• Assignment: Every line from the one with "orecchini a lobo con iolite e argento" up to and including the one with "Black m-vave midi" is to be output exactly as it appears below; pictures are not.

• Image-caption web data:
▬▬▬▬▬▬▬▬▬▬
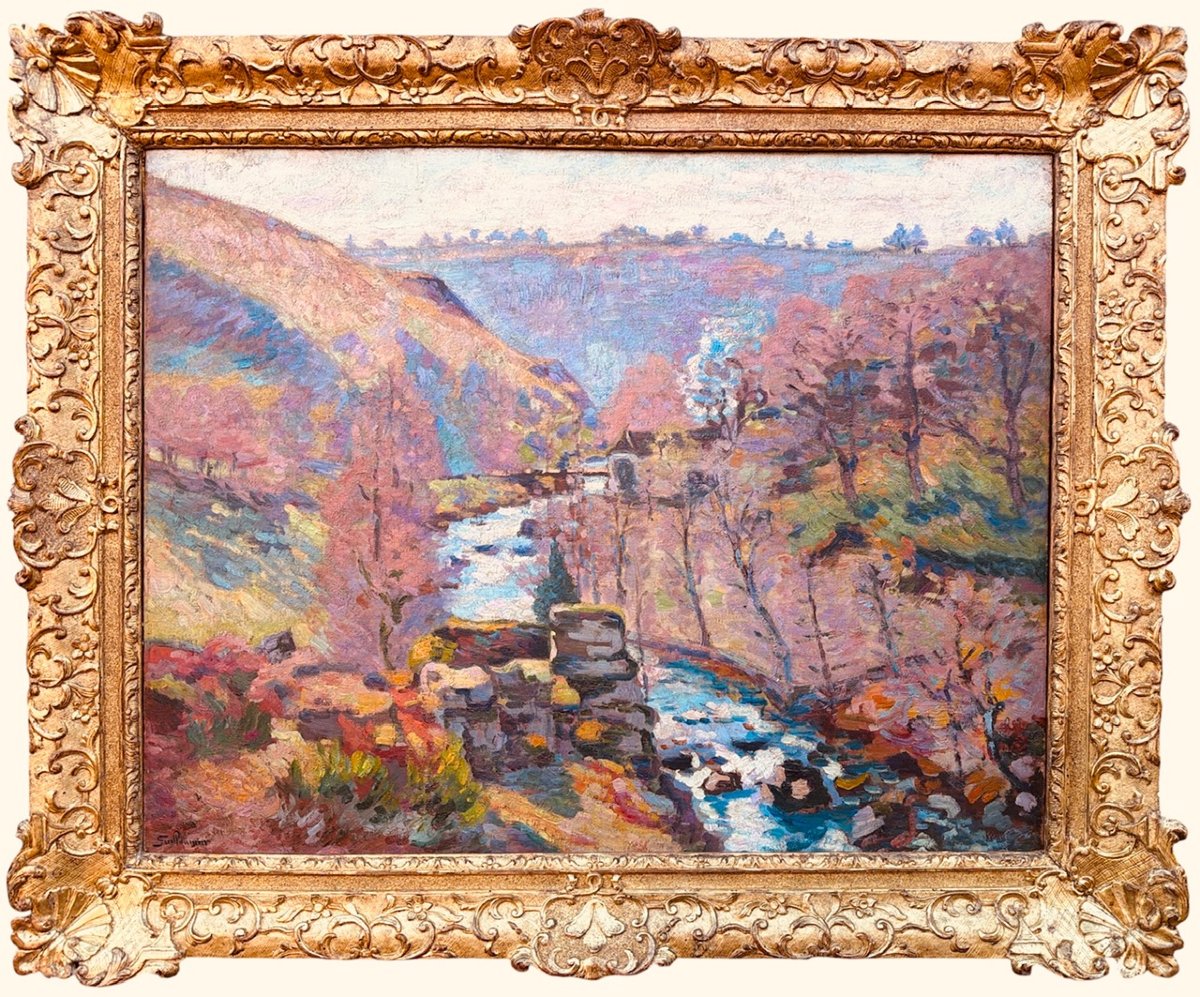 GUILLAUMIN Armand Le ravin de la folie à Crozant Huile sur toile signée vers 1910 Certificat 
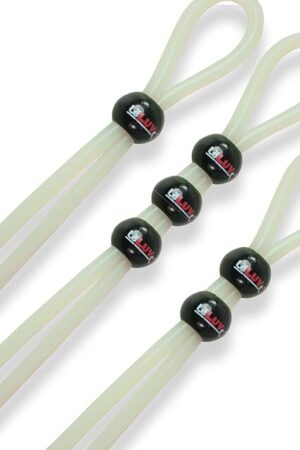 LeLuv Lasso Stretchy Silicone Bundle with One, Two and Three Bead Cock Rings Multiple Positions Clitoral, Perenium Stimulation Stay Harder - GID Green tubing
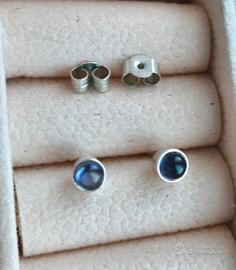 orecchini a lobo con iolite e argento 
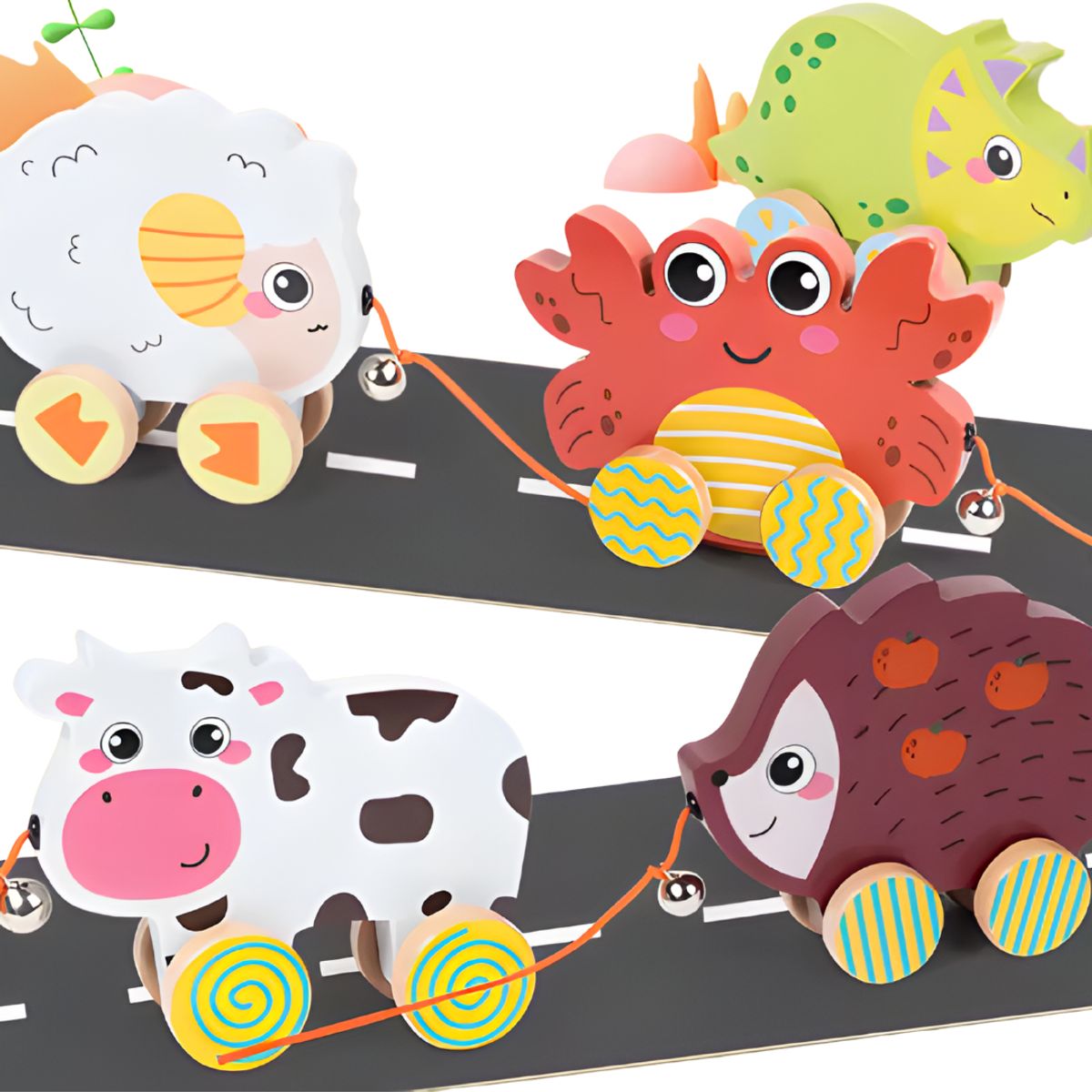 GENERICO - Juguete Didáctico de Madera Cangrejo de Arrastre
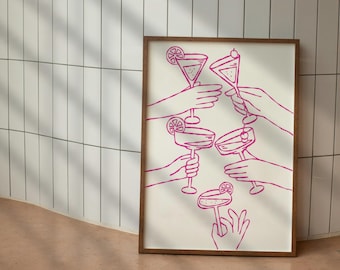Pink Cheers Cocktail Print: Trendy Bar Cart Art (Digital Download)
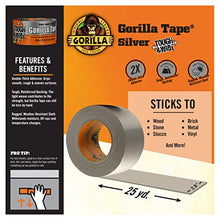 Load image into Gallery viewer, Gorilla, 2.88" x 25 yd Tough &amp; Wide Duct Tape, 25yd, Silver, 4 Pack

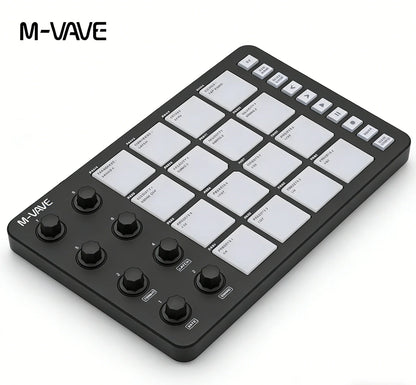 Black m-vave midi controller with white labeled pads black knobs usb-c and 3.5mm midi output interface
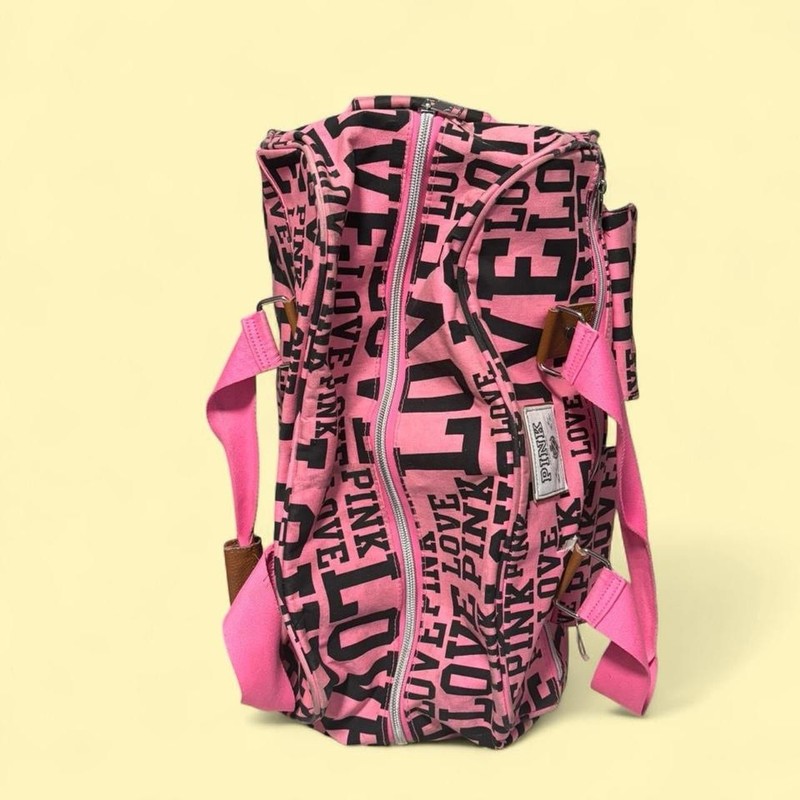Victoria's Secret PINK Rolling Duffle Bag Canvas Pink Black Text Print Y2K Rare gallery
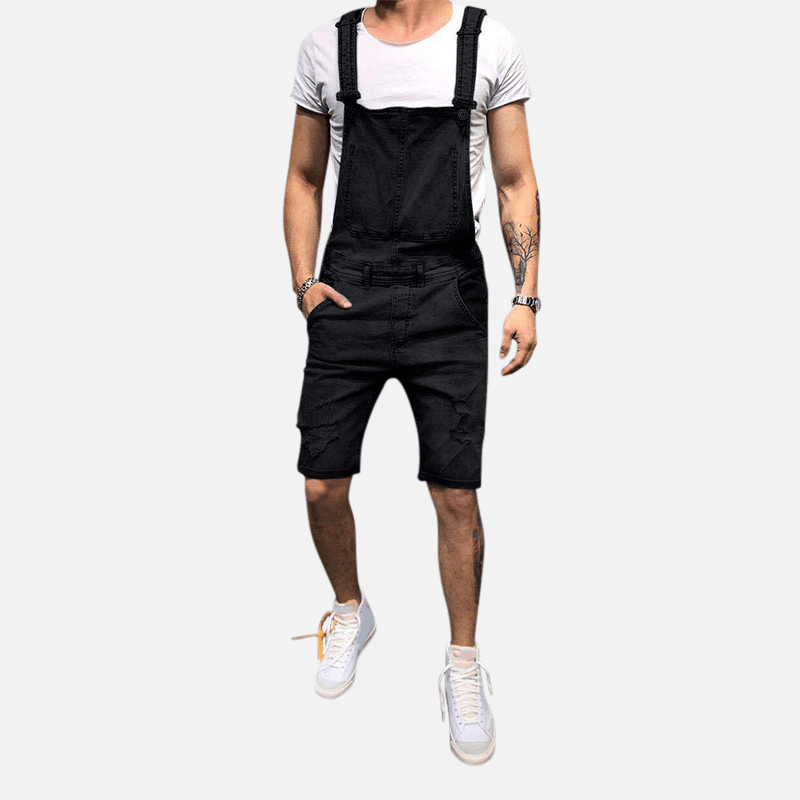 Men Slim Fit Denim Short Casual Jumpsuit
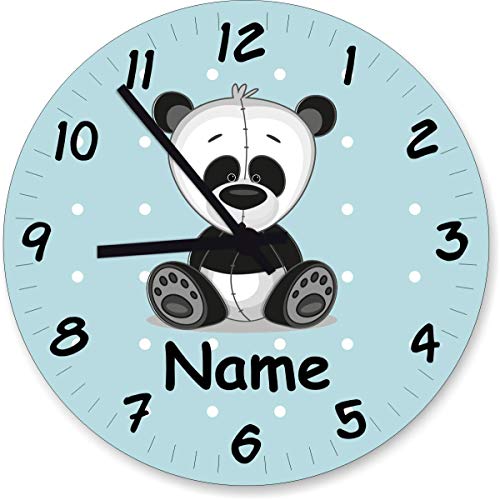 ShirtInStyle Wanduhr Kinderzimmer Wanduhr Panda Bär mit Wunschnamen Geschenk Uhr Kinder Handmade, 20cm, Pastellblau von ShirtInStyle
▬▬▬▬▬▬▬▬▬▬
• Completed exercise:
 orecchini a lobo con iolite e argento 
 GENERICO - Juguete Didáctico de Madera Cangrejo de Arrastre
Pink Cheers Cocktail Print: Trendy Bar Cart Art (Digital Download)
 Load image into Gallery viewer, Gorilla, 2.88" x 25 yd Tough &amp; Wide Duct Tape, 25yd, Silver, 4 Pack

 Black m-vave midi controller with white labeled pads black knobs usb-c and 3.5mm midi output interface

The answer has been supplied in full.